Quel che resta della vita

Nella finzione distopica del romanzo si assiste all’esplosione dei combattimenti, con un’insurrezione armata che cresce in tutto il paese, dove i soldati dell’esercito regolare disertano e se intercettati vengono fucilati seduta stante dalla corte marziale, mentre dal lato opposto i ribelli sembrano poter essere cooptati da quelle stesse forze che dovrebbero combattere, un’implicita denuncia questa del pericolo di ogni rivendicazione e rivolta se non correttamente indirizzata che può trasformarsi in un’altra forma autoritaria e nazionalista.
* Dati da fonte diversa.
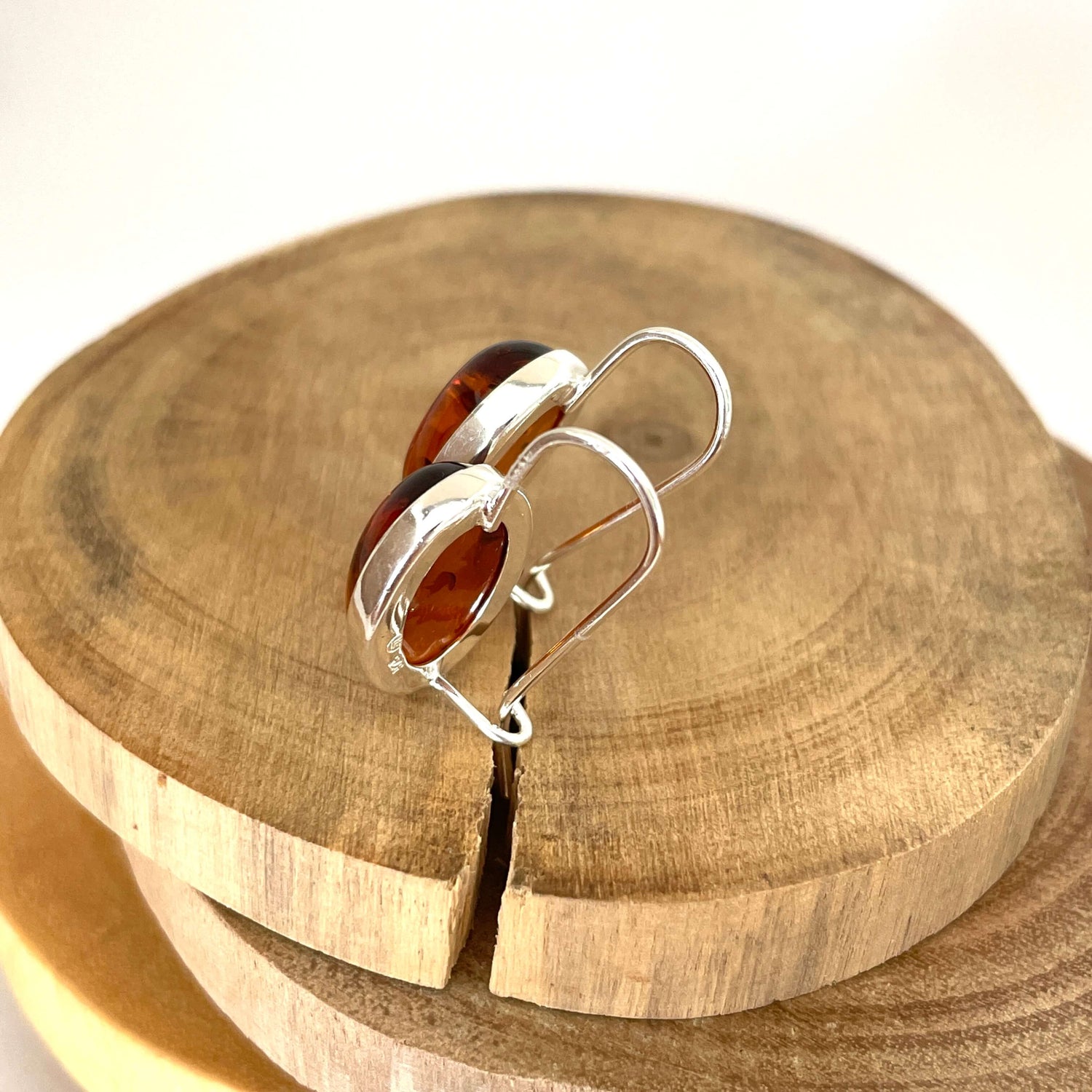cognac amber oval shaped hook earrings back side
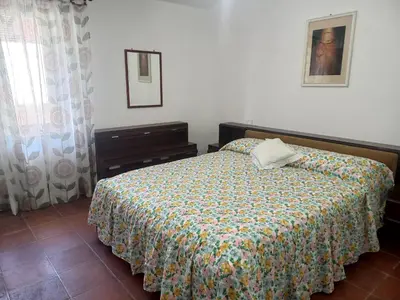 Letto o letti in una camera di Le Rose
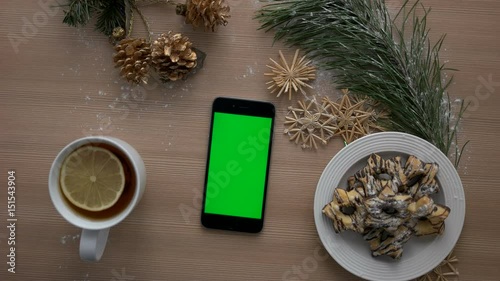 Male hand using smart phone with green screen. Finger tapping and scrolling pages on touchscreen. Christmas decor on wooden table background. Chroma key. top view photo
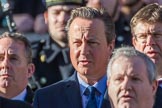 Former prime minister The Rt Hon David Cameron, singing, during Remembrance Sunday Cenotaph Ceremony 2018 at Horse Guards Parade, Westminster, London, 11 November 2018, 11:19.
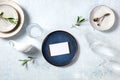 Dinner invitation mockup with modern ceramic tableware and olive branches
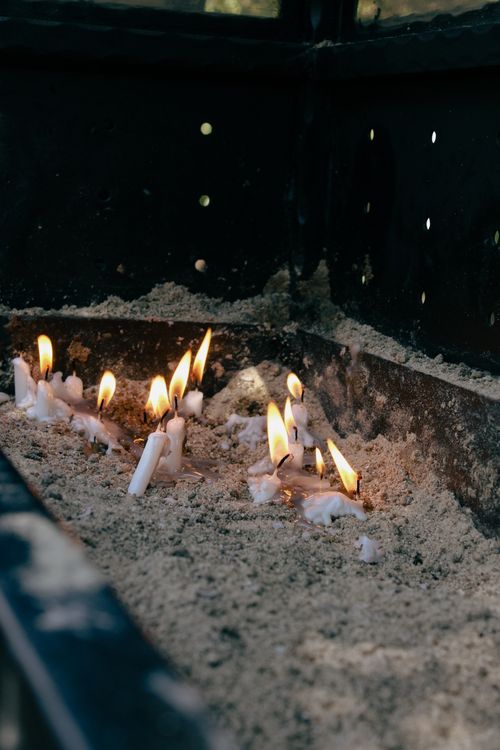 Free Close-up of lit candles in sand with dark background. Stock Photo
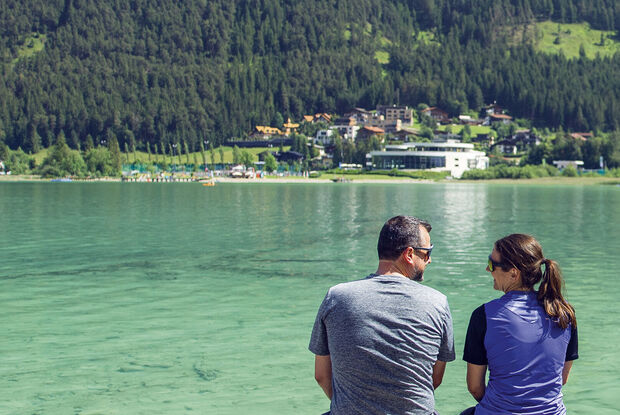 Rast beim Holzsteg in Pertisau am Achensee Ein Paar sitzt am Ufer des Achensees und blickt auf die gegenüberliegende Landschaft von Maurach. Es ist ein sonniger Tag und der Ort vermittelt eine entspannte Atmosphäre.
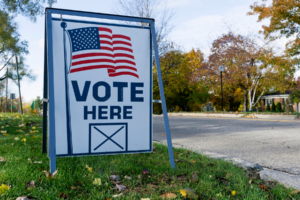 "Vote Here" sign on a lawn.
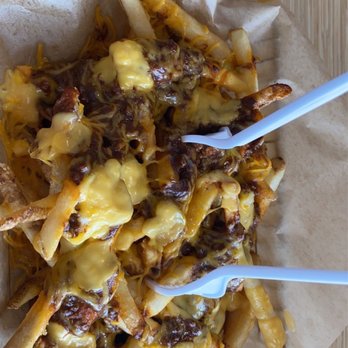 Johnny Rockets - a plate of cheese fries with chopsticks - Burgers Near Me - South Padre Island, Texas
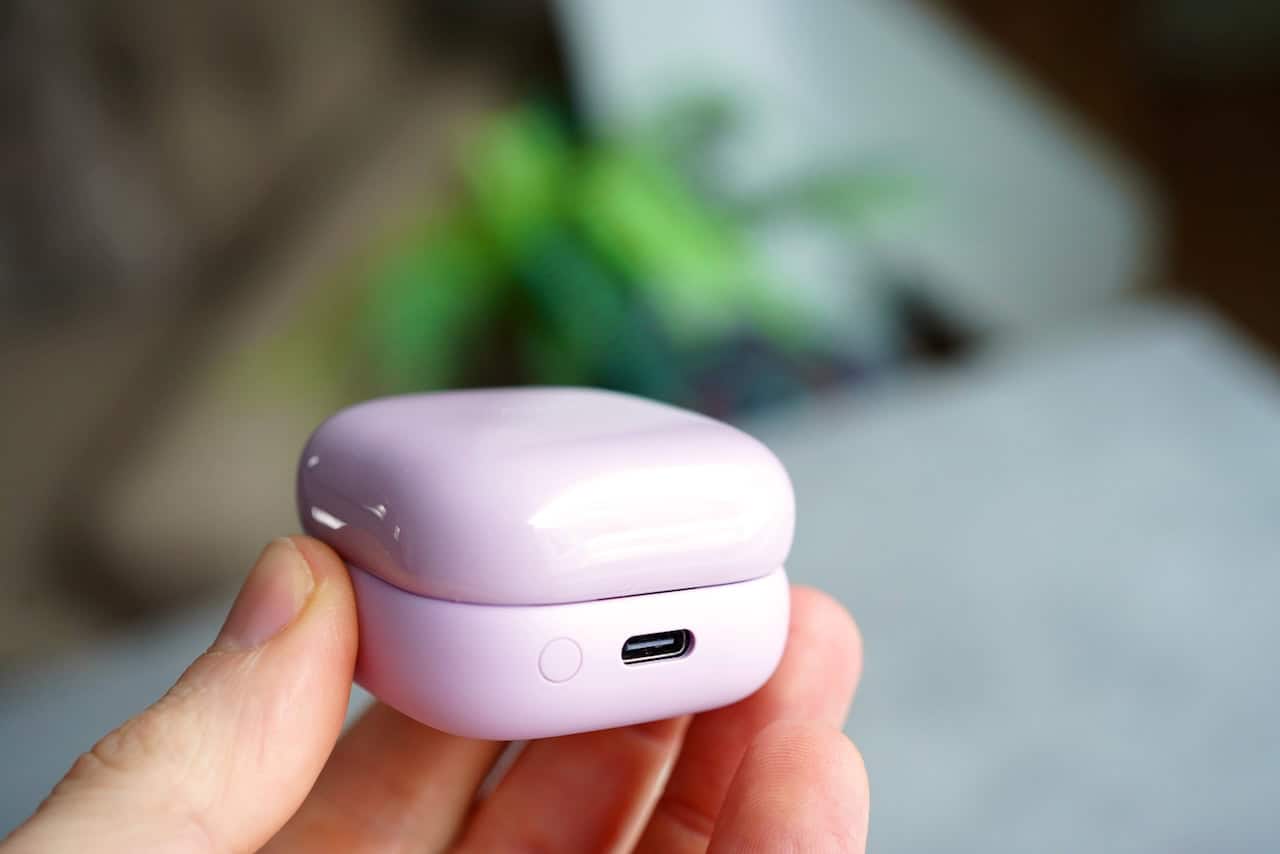 Sony Linkbuds Clip review: the open-ear trend finds its premium form 4 Hand holding the bottom of the Sony LinkBuds Clip charging case showing the USB-C port and pairing button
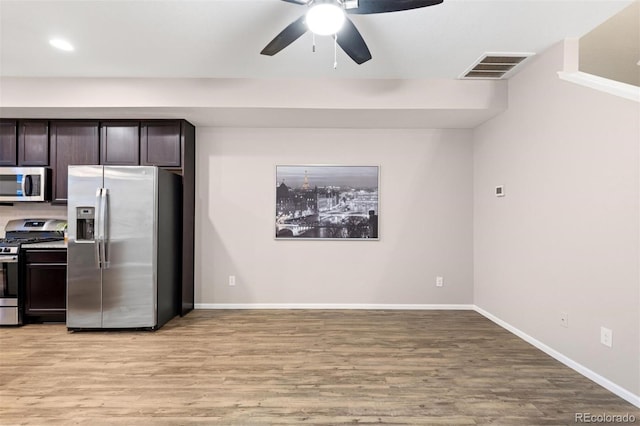 kitchen with dark brown cabinets, stainless steel appliances, ceiling fan, and light hardwood / wood-style floors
In questo quadro tanto spaventoso e devastante emerge ancora la quotidianità della famiglia Stack, o di quello che ne rimane, con Eilish costretta a dover affrontare la verità più terribile e il dolore più grande che possa essere riservato a una madre, una realtà che non sembra offrire nessuna via di fuga, nemmeno quella offerta dalla sorella che vive in Canada e che invita lei e quello che è rimasto della sua famiglia a fuggire da lei, con l’impossibilità di farlo, con i sogni a occhi aperti di Eilish e i suoi dialoghi immaginari con il marito scomparso e un passato che sembra irrimediabilmente perduto, rappresentato idealmente dal ricordo della programmata vacanza proprio in Canada poco prima dell’esplodere degli eventi.

La redenzione?

Sembra esserci poco spazio alla salvezza in uno scenario tanto disperato e inquietante, se non quei propositi di fuga della famiglia Stack, come per gran parte degli irlandesi ai quali non resta altro che scappare come profughi dalla propria terra, verso un mare che è confine geografico e quasi metafisico, simbolo arcano di una speranza che non può e deve mai morire, perché anche nella peggiore discesa agli inferi, e il romanzo di Paul Lynch con il suo avvertimento politico lo è, non si deve dimenticare che «dal terrore nasce la pietà e dalla pietà nasce l’amore e che con l’amore il mondo può essere redento e vede anche che il mondo non finisce, che è vano pensare che il mondo finirà all’improvviso nel corso della propria vita, che quello che finisce è la vita e solo quella, che il canto dei profeti non è altro che lo stesso canto cantato nel corso del tempo».